Whether you’re relaxing on a beach, in the mountains, or on a hammock in your own backyard, it’s the perfect time to pick up a good book. Each year, our divisions develop a list of required and suggested reading for students to prepare them for the upcoming school year. Every book is selected to inspire, engage, and encourage growth in our students while they spend time off campus. Below are a few of our favorites from each division:
Set in South Carolina in 1964, The Secret Life of Bees tells the story of Lily Owens, whose life has been shaped around the blurred memory of the afternoon her mother was killed. When Lily's fierce-hearted black "stand-in mother," Rosaleen, insults three of the deepest racists in town, Lily decides to spring them both free. They escape to Tiburon, South Carolina--a town that holds the secret to her mother's past. Taken in by an eccentric trio of black beekeeping sisters, Lily is introduced to their mesmerizing world of bees and honey, and the Black Madonna. This is a remarkable novel about divine female power, a story women will share and pass on to their daughters for years to come.
The true story of the author’s unconventional family and chaotic childhood. When faced with circumstances that cause many people to give up or repeat unhealthy choices, the author and her siblings find ways to overcome these hardships and thrive. As she looks back, she rarely falls into self-pity or anger, but consistently finds the humor in her parents’ choices.
In this non-fiction account, Jon Krakauer explores the life of a young man who leaves his comfortable life to take a journey into the American wilderness. Through the telling of Christopher’s story, Krakauer tries to figure out why a young man with privilege would leave everything behind. Into the Wild grapples with many American tensions, specifically individualism versus society and security versus adventure.
This story follows nine-year-old Bruno and his family During World War II as they leave Berlin to take up residence near the concentration camp where his father has just become commandant. Unhappy and lonely, Bruno wanders out behind his house one day and finds Shmuel, a Jewish boy of his age. Though the barbed-wire fence of the camp separates them, the boys begin a forbidden friendship, oblivious to the real nature of their surroundings.

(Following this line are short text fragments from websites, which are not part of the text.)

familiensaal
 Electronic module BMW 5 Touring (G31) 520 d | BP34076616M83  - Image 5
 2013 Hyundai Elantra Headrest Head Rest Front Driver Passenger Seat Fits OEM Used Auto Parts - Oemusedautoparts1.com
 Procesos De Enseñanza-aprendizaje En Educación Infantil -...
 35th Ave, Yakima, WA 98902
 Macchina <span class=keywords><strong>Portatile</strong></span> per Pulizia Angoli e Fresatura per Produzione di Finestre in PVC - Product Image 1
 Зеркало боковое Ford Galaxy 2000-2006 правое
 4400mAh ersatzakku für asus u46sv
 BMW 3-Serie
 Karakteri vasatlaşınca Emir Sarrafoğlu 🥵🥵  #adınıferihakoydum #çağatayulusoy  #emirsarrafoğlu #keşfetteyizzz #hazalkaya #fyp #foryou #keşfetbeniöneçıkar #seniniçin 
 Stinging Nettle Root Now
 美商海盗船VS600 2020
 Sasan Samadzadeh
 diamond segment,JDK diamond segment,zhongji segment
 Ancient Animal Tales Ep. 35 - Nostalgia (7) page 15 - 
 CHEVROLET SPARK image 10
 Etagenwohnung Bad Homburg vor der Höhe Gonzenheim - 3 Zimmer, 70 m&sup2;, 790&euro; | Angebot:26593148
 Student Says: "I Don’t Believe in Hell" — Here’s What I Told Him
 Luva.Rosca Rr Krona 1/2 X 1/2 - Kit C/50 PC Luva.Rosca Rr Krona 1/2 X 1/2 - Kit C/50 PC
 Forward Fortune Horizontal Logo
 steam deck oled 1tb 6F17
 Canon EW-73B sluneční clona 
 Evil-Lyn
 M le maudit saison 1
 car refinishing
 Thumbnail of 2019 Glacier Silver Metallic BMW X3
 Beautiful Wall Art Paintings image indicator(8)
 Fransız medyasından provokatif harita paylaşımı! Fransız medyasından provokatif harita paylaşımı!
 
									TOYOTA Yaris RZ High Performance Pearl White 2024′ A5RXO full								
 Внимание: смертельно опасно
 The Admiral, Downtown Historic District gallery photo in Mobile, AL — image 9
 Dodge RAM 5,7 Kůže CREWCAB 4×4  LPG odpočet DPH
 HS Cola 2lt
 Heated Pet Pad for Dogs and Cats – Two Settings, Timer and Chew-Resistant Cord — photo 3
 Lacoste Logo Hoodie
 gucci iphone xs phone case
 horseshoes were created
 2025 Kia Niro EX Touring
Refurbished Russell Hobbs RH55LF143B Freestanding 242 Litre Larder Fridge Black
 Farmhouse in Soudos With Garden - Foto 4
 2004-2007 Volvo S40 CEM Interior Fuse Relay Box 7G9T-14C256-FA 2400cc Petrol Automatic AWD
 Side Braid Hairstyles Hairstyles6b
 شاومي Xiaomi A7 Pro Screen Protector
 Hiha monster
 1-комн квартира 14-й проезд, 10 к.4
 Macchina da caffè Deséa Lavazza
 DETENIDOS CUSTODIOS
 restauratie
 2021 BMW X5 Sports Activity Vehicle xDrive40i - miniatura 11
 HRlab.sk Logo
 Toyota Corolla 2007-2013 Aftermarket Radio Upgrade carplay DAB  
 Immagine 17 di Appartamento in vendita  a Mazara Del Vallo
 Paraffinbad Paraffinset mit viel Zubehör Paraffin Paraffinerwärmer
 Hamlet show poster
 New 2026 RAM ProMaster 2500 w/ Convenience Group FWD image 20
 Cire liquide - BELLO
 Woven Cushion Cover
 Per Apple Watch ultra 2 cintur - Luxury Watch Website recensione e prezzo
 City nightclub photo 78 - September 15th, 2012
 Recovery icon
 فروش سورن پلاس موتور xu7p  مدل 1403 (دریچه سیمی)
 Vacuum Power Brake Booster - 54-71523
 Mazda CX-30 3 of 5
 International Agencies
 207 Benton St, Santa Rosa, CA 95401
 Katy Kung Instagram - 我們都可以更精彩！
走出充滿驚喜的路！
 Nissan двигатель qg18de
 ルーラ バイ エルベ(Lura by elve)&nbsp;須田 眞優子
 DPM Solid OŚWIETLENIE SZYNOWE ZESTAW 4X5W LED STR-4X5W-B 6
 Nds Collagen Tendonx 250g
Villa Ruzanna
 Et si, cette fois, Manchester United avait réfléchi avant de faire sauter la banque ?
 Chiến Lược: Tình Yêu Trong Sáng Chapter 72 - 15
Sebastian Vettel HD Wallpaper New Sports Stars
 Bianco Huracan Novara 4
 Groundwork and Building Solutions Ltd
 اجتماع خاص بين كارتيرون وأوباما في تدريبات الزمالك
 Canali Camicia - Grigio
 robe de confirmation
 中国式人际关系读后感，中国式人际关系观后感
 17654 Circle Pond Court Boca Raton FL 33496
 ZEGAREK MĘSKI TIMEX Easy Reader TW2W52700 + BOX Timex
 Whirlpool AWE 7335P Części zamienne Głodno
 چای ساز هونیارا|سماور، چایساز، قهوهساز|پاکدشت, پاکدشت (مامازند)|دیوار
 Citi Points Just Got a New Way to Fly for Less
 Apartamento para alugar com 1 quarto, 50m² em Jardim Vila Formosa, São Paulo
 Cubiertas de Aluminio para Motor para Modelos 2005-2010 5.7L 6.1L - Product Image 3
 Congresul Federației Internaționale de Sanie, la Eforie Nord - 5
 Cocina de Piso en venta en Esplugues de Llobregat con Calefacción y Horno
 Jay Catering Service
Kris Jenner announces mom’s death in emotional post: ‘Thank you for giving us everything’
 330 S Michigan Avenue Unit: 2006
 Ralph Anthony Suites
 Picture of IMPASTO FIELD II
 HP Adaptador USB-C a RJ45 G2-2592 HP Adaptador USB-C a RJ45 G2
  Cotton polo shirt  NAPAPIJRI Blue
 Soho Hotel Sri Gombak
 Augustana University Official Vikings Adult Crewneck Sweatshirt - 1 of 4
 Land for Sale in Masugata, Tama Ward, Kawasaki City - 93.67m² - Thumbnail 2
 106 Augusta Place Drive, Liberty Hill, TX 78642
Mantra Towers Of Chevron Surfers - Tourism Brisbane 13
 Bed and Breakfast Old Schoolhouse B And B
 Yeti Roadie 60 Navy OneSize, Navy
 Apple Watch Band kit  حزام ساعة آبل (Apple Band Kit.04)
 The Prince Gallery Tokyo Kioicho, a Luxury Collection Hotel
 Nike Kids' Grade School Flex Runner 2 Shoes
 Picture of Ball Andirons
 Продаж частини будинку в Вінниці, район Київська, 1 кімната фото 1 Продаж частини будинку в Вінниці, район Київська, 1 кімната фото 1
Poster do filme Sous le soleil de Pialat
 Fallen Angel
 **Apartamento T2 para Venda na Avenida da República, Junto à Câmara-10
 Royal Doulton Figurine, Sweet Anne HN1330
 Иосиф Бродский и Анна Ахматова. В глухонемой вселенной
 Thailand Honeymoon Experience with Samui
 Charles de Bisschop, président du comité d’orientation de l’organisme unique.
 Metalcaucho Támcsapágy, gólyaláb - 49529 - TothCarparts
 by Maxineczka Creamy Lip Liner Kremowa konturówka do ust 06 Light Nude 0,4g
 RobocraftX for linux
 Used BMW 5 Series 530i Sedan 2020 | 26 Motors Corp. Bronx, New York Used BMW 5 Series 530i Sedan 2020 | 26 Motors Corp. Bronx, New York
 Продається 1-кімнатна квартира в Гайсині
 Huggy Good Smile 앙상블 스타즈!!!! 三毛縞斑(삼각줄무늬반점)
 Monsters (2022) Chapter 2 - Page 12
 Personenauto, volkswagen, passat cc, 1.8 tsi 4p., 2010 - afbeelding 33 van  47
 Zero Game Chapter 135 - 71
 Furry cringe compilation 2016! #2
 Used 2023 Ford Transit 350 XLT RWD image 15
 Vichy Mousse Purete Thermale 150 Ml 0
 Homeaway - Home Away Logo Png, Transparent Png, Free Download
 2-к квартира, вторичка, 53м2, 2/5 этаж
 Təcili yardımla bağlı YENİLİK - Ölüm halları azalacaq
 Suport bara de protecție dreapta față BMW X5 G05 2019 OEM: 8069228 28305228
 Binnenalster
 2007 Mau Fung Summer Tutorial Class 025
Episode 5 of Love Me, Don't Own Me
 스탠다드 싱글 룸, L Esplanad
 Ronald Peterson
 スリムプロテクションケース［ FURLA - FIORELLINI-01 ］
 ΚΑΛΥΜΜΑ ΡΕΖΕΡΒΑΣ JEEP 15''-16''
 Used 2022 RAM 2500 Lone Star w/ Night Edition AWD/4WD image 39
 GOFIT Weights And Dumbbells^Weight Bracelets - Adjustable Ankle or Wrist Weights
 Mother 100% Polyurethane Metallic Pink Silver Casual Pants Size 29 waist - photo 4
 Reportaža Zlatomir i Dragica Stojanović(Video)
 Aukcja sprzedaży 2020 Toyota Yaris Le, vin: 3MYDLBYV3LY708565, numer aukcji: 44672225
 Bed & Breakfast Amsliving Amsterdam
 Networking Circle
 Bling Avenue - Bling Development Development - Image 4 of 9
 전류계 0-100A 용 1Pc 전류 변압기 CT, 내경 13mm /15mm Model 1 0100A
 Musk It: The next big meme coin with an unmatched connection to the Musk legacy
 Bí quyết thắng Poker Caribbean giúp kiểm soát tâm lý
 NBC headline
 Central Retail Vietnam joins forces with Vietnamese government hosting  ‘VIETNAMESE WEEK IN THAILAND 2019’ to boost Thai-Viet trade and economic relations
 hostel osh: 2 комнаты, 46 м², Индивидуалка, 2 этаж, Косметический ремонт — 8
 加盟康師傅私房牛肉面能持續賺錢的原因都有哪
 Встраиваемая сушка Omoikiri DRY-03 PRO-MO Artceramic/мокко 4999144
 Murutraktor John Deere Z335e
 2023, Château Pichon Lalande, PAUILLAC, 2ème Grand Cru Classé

In a future North America, where the rulers of Panem maintain control through a televised survival competition pitting young people against one another, sixteen-year-old Katniss's skills are put to the test when she voluntarily takes her younger sister's place.
Recognizing herself as the missing child on a school milk carton, Janie is compelled to investigate and has to choose between her love for the people she has always known as her parents needing to learn the truth.
Three little wolves go out into the world to build a house that will protect them from the big bad pig. But neither bricks nor concrete, not even armor plates, can stop the persistent porker--until a chance meeting with a flamingo provides an unexpected solution to the wolves' problem.
Toy Academy is where toys learn to play. It's where action figures train to battle, stuffed animals study the art of the hug, and collectibles practice standing very, very still in a laugh-out-loud chapter book.
Eight-year-old Steve Satlow is thrilled when Jackie Robinson moves into his Jewish neighborhood in Brooklyn in 1948, although many of his neighbors are not, and when Steve actually meets his hero he is even more excited--and worried that a misunderstanding over a Christmas tree could damage his new friendship.